This invention relates to an improved electronic ballast circuit used for gaseous discharge lamps operating on direct current (DC) voltage. More particularly, it relates to apparatus for permitting reversal of the DC voltage applied to a lamp without impressing excessive voltage stresses on switching components.
Gaseous discharge lamps, such as, for example, fluorescent lamps, are basically designed to operate from alternating current (AC). However, when operated with AC current, the lamp exhibits a phenomenon known as AC flicker effect. In essence, the lamp illumination varies as the applied AC current switches from a positive to a negative half-cycle. Although this flicker effect is not apparent to the human eye, it is often sensed by the faster responding photo-recepters used in photocopiers. As machines tend toward faster speed, flicker effect results in more distortion of the copy fidelity.

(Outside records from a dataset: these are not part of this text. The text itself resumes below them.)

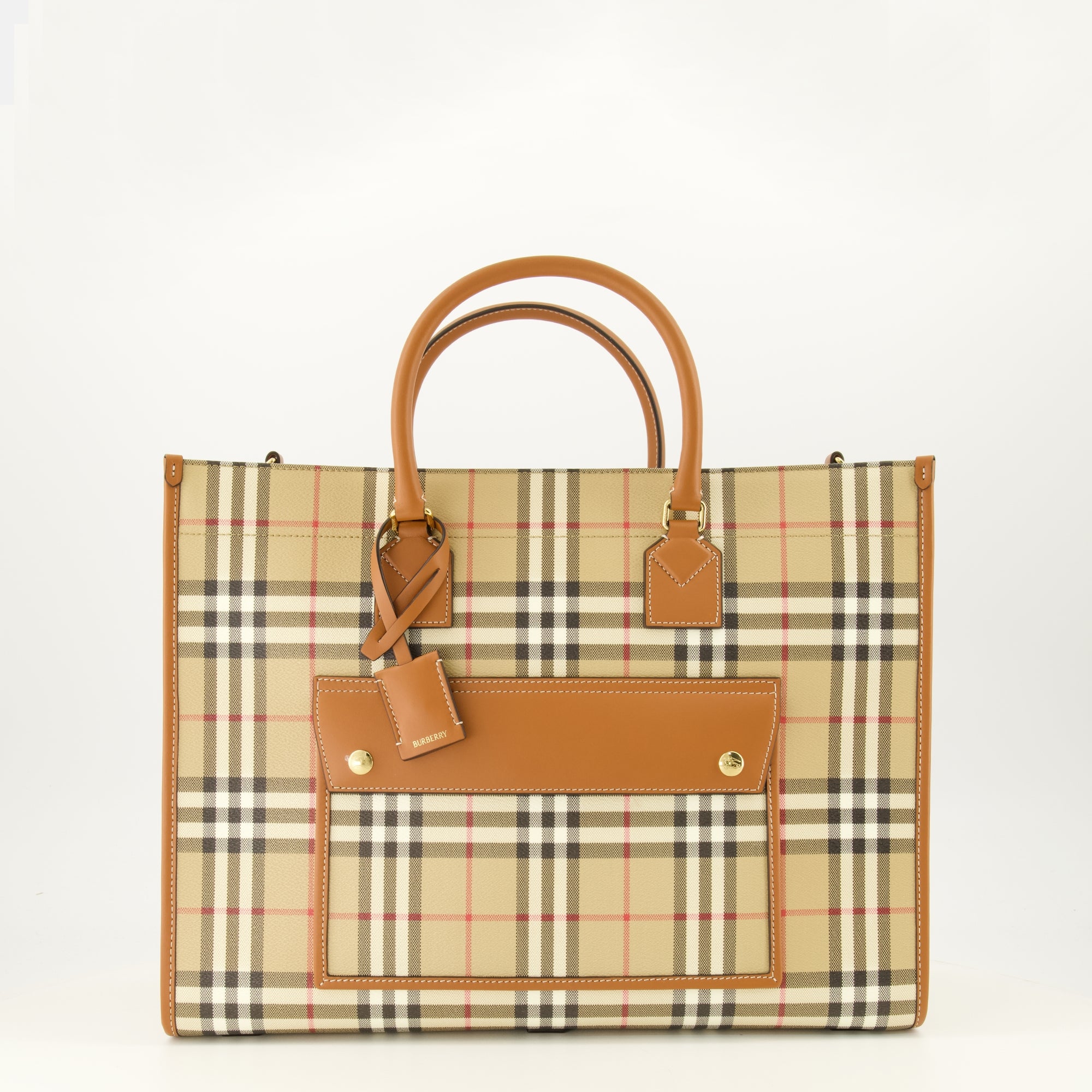 Taschen für Damen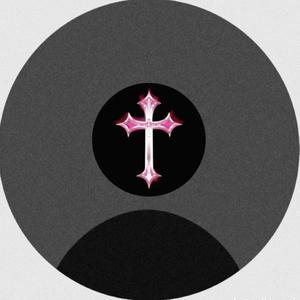 FACELESS FREESTYLE (Explicit)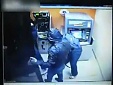 В Вильнюсе задержана интернациональная группа грабителей банкоматов В Вильнюсе задержана интернациональная группа грабителей банкоматов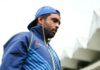 Dilruwan Perera resigns from National Selection Committee Dilruwan Perera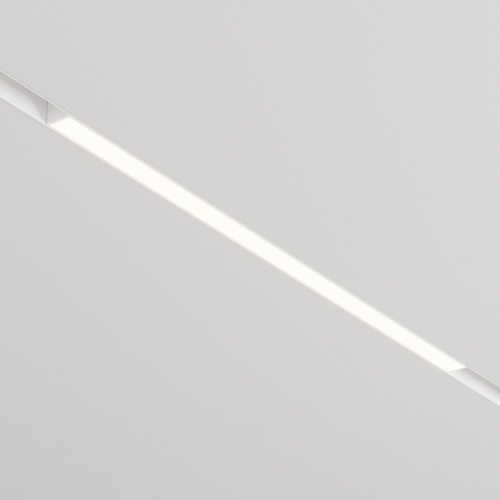 Technical TR030-4-24WTW-DSZ-W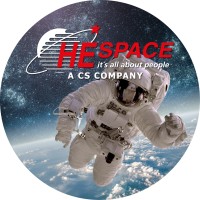 HE Space Operations logo - Similar company to Emtronix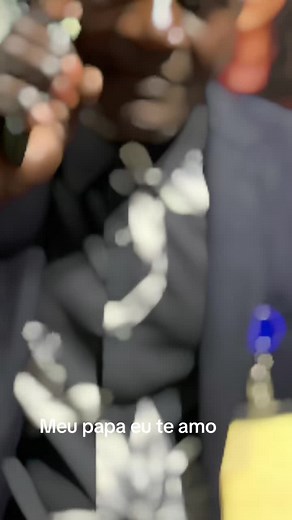 Tania Sofia (@taniasofia2023)’s videos with son original - Brk Beatz Official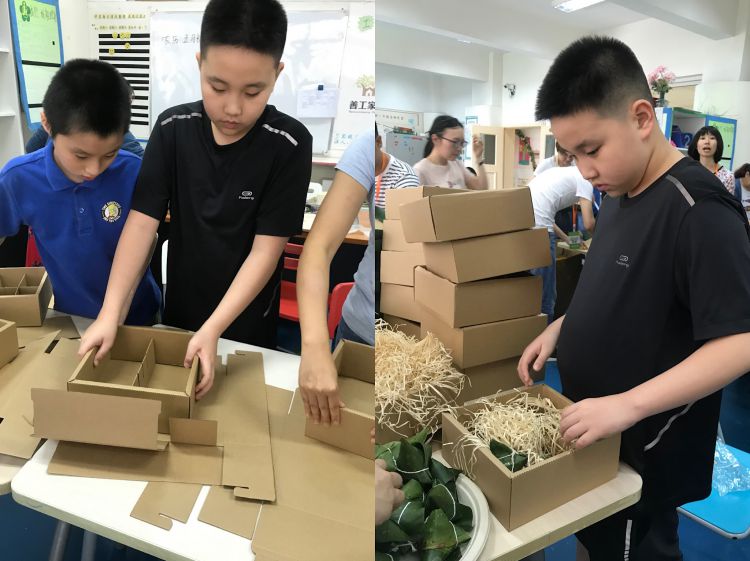 微信图片_20190606160421_jpg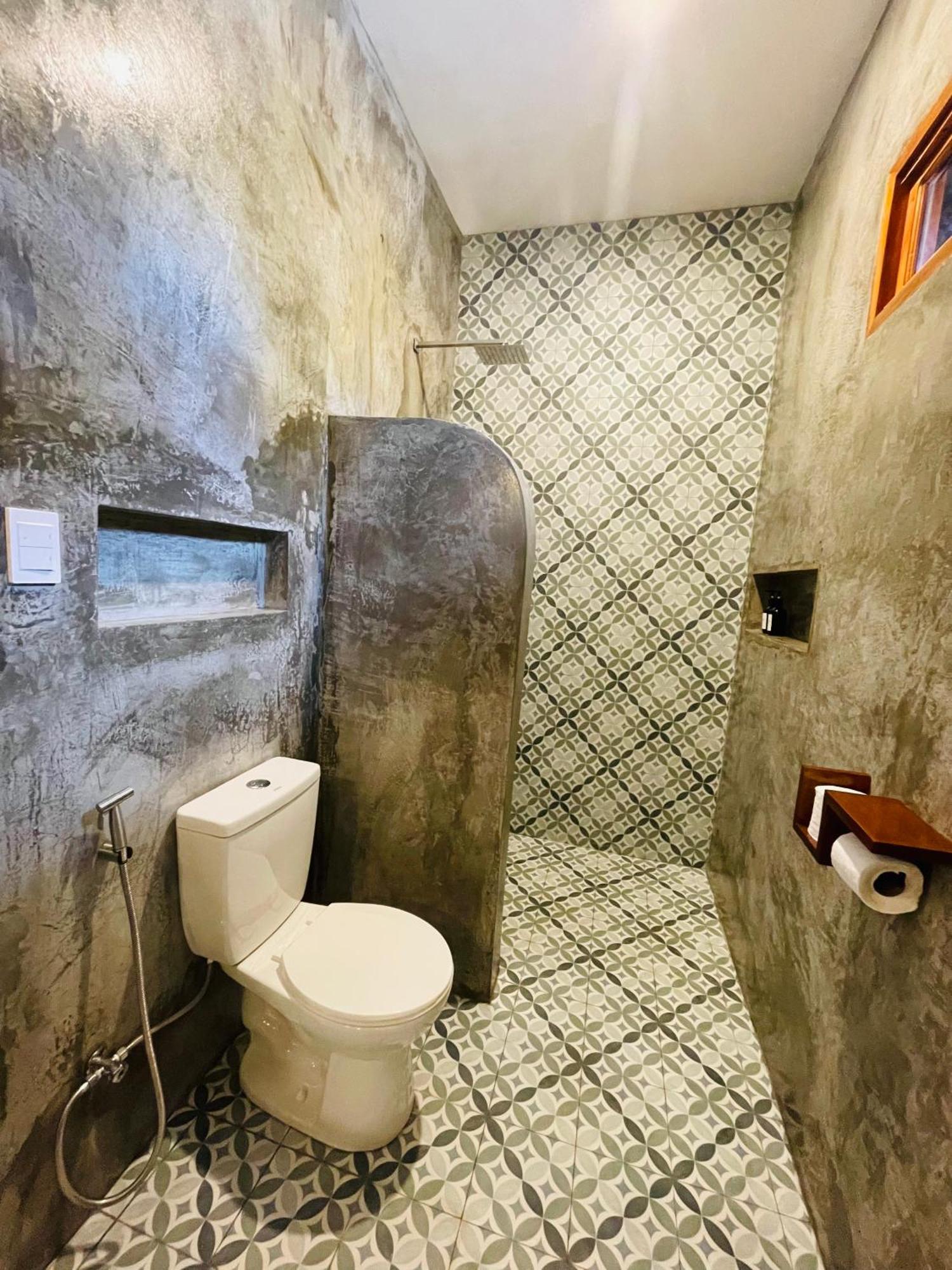 Hostel Maayong (adults Only) *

In order to avoid the flicker effect, most photocopiers utilize a highly regulated DC current for the fluorescent lamp in order to reduce all components of light intensity versus time to a negligible level. However, when a fluorescent lamp is operated at a constant DC current, the fluorescent lamp goes through a process of mercury migration. This phenomenon, i.e., mercury migration, results in a nonuniform brightness of the lamp from one end to the other. The mercury migration process generally starts slowly but eventually ends in a quite noticeable difference in lamp intensity across the fluorescent lamp. Such a variation in intensity across the lamp produces a photocopy which varies from dark to light across its face.
An additional problem encountered with the operation of fluorescent lamps is an effect known as anode darkening. Anode darkening is caused by an overheating of the anode of the lamp due to constant excessive bombardment of electrons. Overheating causes damage to the phosphors at the anode end of the lamp and results in no light being emitted near the anode end after a few hours of operation on DC current. As with the previous intensity problem with fluorescent lamps, this latter problem also produces nonuniform reproduction in the photocopying process.
The undesirable effects of mercury migration and anode overheating can be greatly reduced if the lamp current polarity is periodically reversed and if the illumination time is limited to the minimum time actually required to perform the photocopying function. Polarity reversal thus will result in a much more uniform brightness with better optical quality and greatly increased useful lamp life.
As is well known, a fluorescent lamp requires a high voltage initial application in order to ionize the gases within the lamp and start the current conduction through the gas. Once ionization has occurred, i.e., the lamp is lit, current can be maintained by a relatively low voltage. A lamp may require, for example, a starting voltage in the order of magnitude of 1,000 volts, whereas the maintaining voltage may be only in the order of magnitude of 80 volts. The high voltage start pulse may be applied by paralleling it with the lamp or by applying the pulse in series with the lamp. In either method, the high voltage appears across the lamp and provides the voltage necessary for the lamp to begin conduction. In those prior art systems which provide for polarity reversal across the lamp, there are also provided high voltage relays arranged about the lamp to provide for its effective reversal with respect to the DC voltage applied to maintain current conduction through the lamp. In all of these prior art systems, the high voltage start pulse, in addition to being applied across the lamp was also applied across the high voltage relays. The use of high voltage relays was necessary to prevent relay contact arcing rather than starting the fluorescent lamp. The use of high voltage relays in such circuits is generally undesirable because of their relatively high cost and tendency to weld contacts when operated on DC.